►

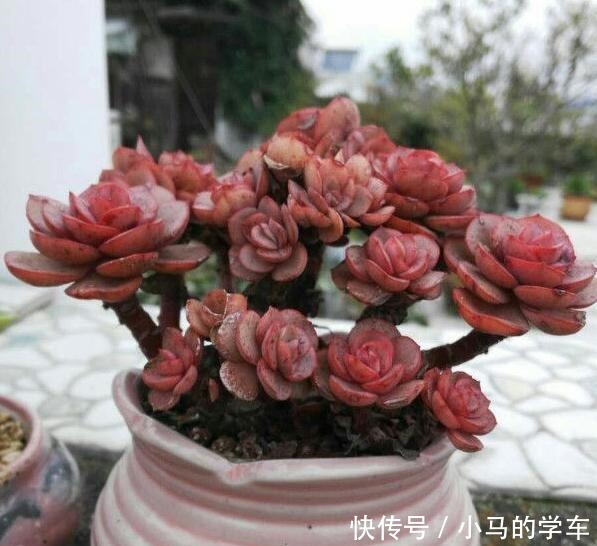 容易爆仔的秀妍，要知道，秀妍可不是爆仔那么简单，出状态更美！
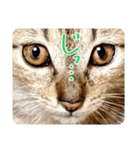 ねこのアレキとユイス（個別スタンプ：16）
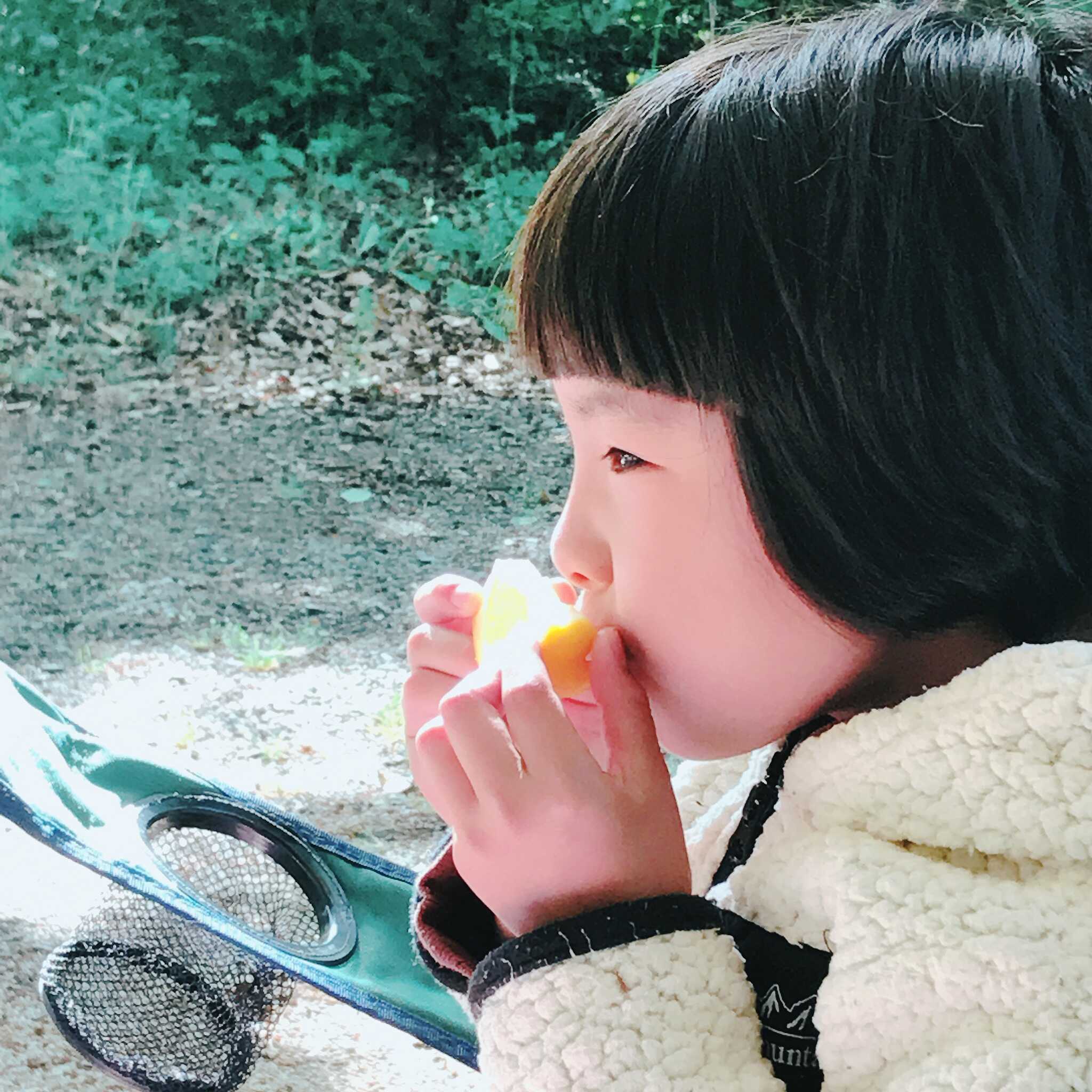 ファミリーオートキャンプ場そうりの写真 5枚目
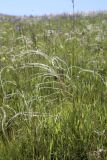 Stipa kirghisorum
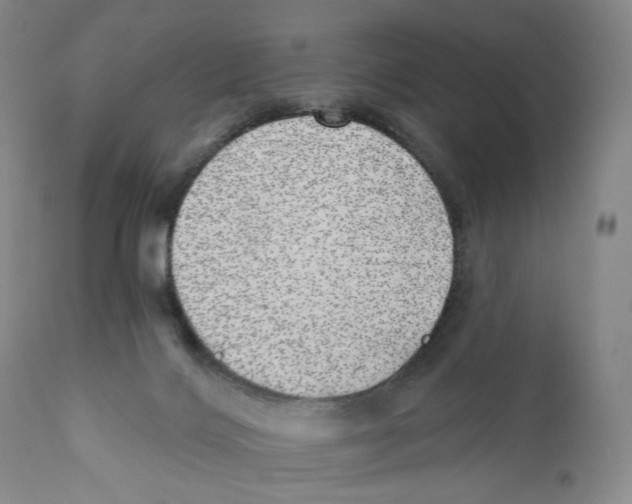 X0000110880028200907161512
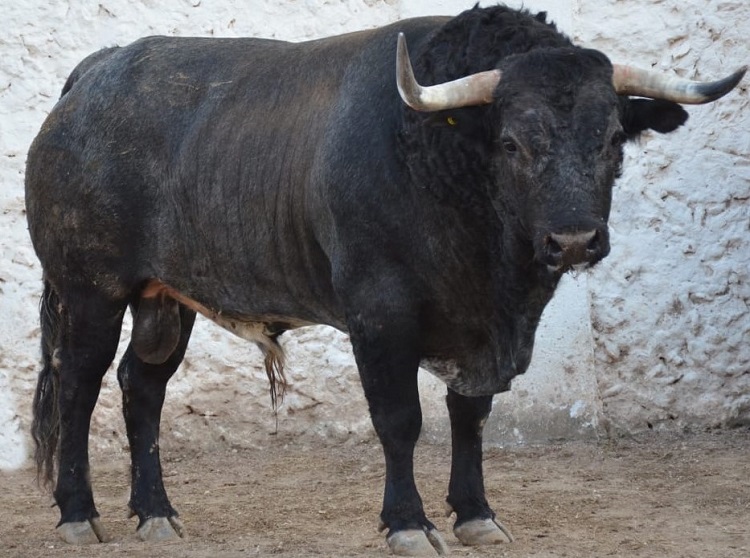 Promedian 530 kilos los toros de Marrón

◄

TASK GOAL
Write out exactly the lines from the one that contains "ファミリーオートキャンプ場そうりの写真 5枚目" through the last line of the data above, both included. Leave every picture out.

SOLUTION TO THE PROBLEM
 ファミリーオートキャンプ場そうりの写真 5枚目
 Stipa kirghisorum
 X0000110880028200907161512
 Promedian 530 kilos los toros de Marrón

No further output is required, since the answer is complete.